Caption-style text data
■ ■ ■ ■ ■

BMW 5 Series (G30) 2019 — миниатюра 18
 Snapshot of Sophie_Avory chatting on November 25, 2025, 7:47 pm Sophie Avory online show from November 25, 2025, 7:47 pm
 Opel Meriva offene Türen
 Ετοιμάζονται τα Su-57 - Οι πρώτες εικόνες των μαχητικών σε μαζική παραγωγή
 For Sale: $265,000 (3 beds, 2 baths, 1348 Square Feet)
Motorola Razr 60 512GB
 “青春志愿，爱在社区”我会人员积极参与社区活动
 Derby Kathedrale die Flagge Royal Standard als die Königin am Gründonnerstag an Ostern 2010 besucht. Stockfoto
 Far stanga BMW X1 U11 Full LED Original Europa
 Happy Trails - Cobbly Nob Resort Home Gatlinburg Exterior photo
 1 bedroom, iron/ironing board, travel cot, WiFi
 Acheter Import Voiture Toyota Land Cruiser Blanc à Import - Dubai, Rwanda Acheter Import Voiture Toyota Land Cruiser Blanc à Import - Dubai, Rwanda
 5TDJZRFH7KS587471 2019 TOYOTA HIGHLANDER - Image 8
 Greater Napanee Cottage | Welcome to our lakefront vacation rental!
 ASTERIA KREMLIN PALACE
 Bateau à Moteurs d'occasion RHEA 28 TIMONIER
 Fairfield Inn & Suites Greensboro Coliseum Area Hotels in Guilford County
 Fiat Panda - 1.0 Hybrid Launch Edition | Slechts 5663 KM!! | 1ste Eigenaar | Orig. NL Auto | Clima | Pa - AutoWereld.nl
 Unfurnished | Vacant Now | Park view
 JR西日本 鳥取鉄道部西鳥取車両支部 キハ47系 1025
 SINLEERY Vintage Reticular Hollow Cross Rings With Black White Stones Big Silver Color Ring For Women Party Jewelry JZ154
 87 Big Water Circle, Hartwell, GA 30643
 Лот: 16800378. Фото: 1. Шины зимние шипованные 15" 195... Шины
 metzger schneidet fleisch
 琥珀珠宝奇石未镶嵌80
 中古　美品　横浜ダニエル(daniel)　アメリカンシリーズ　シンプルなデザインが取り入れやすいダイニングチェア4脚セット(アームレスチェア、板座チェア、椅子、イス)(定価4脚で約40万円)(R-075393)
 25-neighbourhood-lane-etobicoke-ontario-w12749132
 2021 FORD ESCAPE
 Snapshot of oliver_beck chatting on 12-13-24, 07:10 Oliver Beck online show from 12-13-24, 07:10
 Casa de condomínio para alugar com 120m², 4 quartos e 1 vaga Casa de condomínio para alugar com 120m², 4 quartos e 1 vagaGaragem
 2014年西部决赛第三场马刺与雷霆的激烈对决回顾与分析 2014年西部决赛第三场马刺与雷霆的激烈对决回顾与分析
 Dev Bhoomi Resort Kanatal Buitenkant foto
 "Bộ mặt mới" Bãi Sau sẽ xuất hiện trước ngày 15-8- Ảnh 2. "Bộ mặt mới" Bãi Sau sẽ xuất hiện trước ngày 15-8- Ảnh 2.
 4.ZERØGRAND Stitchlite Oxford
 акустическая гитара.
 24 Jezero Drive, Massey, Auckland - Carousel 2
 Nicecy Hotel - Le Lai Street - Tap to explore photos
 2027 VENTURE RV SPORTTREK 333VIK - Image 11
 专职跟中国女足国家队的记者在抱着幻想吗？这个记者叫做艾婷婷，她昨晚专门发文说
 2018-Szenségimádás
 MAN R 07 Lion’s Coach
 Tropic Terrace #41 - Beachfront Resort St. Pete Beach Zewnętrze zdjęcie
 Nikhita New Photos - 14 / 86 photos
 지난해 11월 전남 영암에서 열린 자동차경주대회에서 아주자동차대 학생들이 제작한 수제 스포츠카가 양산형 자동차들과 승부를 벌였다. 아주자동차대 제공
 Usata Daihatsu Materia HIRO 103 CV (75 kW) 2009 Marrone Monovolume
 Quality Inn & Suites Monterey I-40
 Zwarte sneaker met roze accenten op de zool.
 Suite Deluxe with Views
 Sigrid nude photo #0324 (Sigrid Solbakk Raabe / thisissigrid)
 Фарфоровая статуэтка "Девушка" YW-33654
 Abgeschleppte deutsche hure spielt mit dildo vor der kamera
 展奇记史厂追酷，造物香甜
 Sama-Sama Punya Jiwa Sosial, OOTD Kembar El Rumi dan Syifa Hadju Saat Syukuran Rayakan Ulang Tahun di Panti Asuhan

■ ■ ■ ■ ■

Pull every line that holds the string "Snapshot" out of the records.

 Snapshot of Sophie_Avory chatting on November 25, 2025, 7:47 pm Sophie Avory online show from November 25, 2025, 7:47 pm
 Snapshot of oliver_beck chatting on 12-13-24, 07:10 Oliver Beck online show from 12-13-24, 07:10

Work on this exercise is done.